In the recent case of Medtronic v. Mirowski, the Supreme Court held that “when a licensee seeks a declaratory judgment against a patentee to establish that there is no infringement, the burden of proving infringement remains with the patentee.” This decision extends the Court’s MedImmune ruling, which allows licensees to challenge the validity and/or infringement of a patent without repudiating the underlying license.

The Medtronic decision unanimously reversed the Federal Circuit, framing the analysis as “simple legal logic, resting upon settled case law.” The opinion reasoned that the burden of proof is a substantive aspect of a claim, which rests on a patentee in a patent infringement action, and therefore cannot be shifted to a licensee seeking declaratory judgment because declaratory judgment is “procedural,” leaving substantive rights unchanged. Medtronic also found support in “practical considerations” that may not bode well for patentees.

First, Medtronic reasoned that patentees should bear the burden of proving infringement, because they are in a better position to do so, and that licensees should not bear the burden because it could cause unnecessary complexity and could “negate every conceivable infringement theory.” Second, Medtronic reasoned that “patent monopolies” should be open to challenge, to maintain a well-functioning patent system, and that public interest therefore favors leaving the burden of proof on the patentee.

It remains an open question whether Medtronic presents a default rule that can be contractually modified, or if any such modification would be unenforceable as a matter of public policy.
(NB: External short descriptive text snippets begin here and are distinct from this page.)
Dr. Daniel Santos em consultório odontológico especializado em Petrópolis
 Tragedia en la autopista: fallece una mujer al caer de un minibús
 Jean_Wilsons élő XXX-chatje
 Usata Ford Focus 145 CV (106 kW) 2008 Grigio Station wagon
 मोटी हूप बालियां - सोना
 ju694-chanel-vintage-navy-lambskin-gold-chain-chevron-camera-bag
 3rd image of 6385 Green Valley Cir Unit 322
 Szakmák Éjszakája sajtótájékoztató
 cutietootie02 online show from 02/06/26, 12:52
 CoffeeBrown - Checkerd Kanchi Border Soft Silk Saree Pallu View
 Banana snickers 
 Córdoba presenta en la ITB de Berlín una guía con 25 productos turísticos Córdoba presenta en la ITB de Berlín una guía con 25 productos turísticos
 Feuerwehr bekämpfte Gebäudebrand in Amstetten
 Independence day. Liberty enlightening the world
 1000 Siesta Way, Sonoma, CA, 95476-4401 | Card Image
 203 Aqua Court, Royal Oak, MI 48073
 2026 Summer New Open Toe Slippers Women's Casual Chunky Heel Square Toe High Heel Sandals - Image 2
Either way, Medtronic and its “practical considerations” appear to be in tune with the current debate on legislatively limiting patents. Please consult Nutter’s January 2014 IP Bulletin for a discussion of such recent legislative efforts.

This update was prepared by Nutter’s Intellectual Property practice. For more information, please contact your Nutter attorney at 617.439.2000.

This update is for information purposes only and should not be construed as legal advice on any specific facts or circumstances. Under the rules of the Supreme Judicial Court of Massachusetts, this material may be considered as advertising.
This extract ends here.